Unfortunately, Young will have to get used to subpar receivers on the Panthers as they don't have a true WR1. However, he has plenty of assets to turn things around in Carolina: pocket awareness, mobility, durability and, best of all, he’s as clutch as they come. Alabama teammate and current Detroit Lions receiver Jameson Williams discussed Young’s abilities when the lights are brightest. "If you were watching the game vs. Auburn, we were down 10-3, 40 seconds left," Williams said. "I would never say I’ve seen him rattled or intimidated by anything. I feel like he has the mindset that he knows he is going to get the job done."

Because he’s a rookie, Young’s fantasy football ranking is in the mid-20s among quarterbacks. This is a fair assessment due to the talent he has around him. However, his skills may not only make him stand out in Carolina, but may improve the receivers’ reputation as well. Until then, Young won’t be selected in redraft leagues, unless he’s taken in the last round.

RB Miles Sanders
(RB Rank – No. 15, 13.0 FPts/G)

Sanders was picked up by the Panthers this offseason after not getting re-signed by the Philadelphia Eagles. The 26-year-old is coming off his best season in the NFL, rushing for career highs in attempts (259), yards (1,269), touchdowns (11) and earned a trip to his first Pro Bowl.

The only reason Sanders didn’t reach the top-10 among running backs in fantasy football was due to his receiving numbers (20 receptions, 78 yards and zero touchdowns). Luckily for Sanders, the Panthers are known to create receiving backs.

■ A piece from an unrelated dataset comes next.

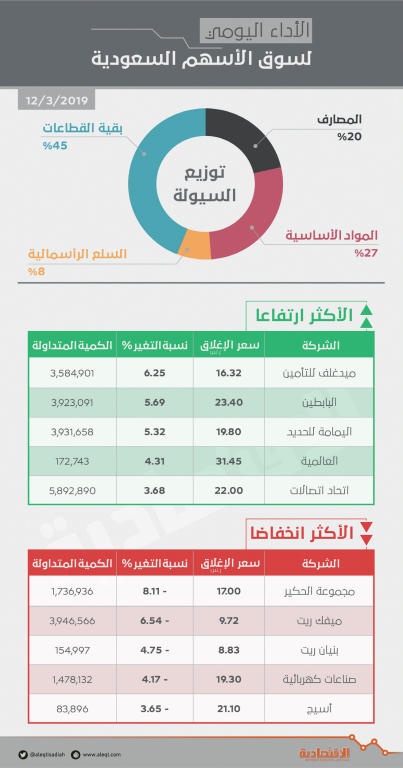 الأسهم السعودية ترتفع بدعم الشركات القيادية .. والقيمة السوقية تستعيد مستوى تريليوني ريال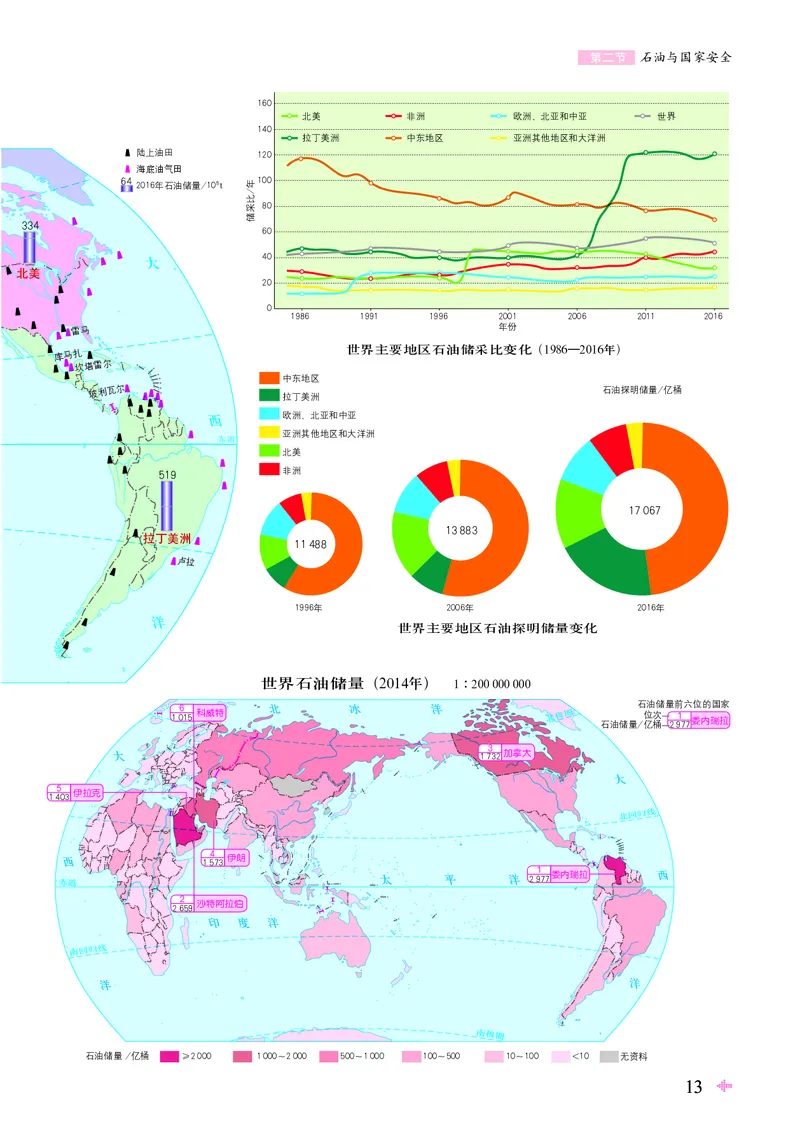 配鲁教版《地理图册》选择性必修3_高中三年全科资料_高中_高中电子教材_高中地理_地理图册_配鲁教版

Two-time Pro Bowler Christian McCaffrey was the heaviest contributor to the Panthers offense, as he got involved in both the run and air attack. However, McCaffrey was traded to the San Francisco 49ers midway through last season, leaving Sanders as the RB1.

Young is also a fan of the receiving back role as he often dumped the ball to Detroit Lions first-rounder Jahmyr Gibbs at Alabama last season. If Sanders can find a way to continue his elite rushing, but also incorporate some receptions, he’ll easily be a top-10 running back in fantasy football given his projected rushing volume. Until then, he’s an RB2 and will be drafted somewhere within rounds 4-6.

WR Adam Thielen
(WR Rank – No. 31, 10.5 FPts/G)

Adam Thielen split the WR1 role with Stefon Diggs for several years in Minnesota as they each put up excellent numbers. However, Diggs went to Buffalo in 2020 and instead of making Thielen the official WR1, the Vikings decided to draft someone named Justin Jefferson.

Thielen no longer split the WR1 role as Jefferson took over beginning his rookie season. Thielen's numbers went down significantly, topping out in the 700-yard range each of the last two seasons. He became a free agent this past season allowing the Panthers to pick him up.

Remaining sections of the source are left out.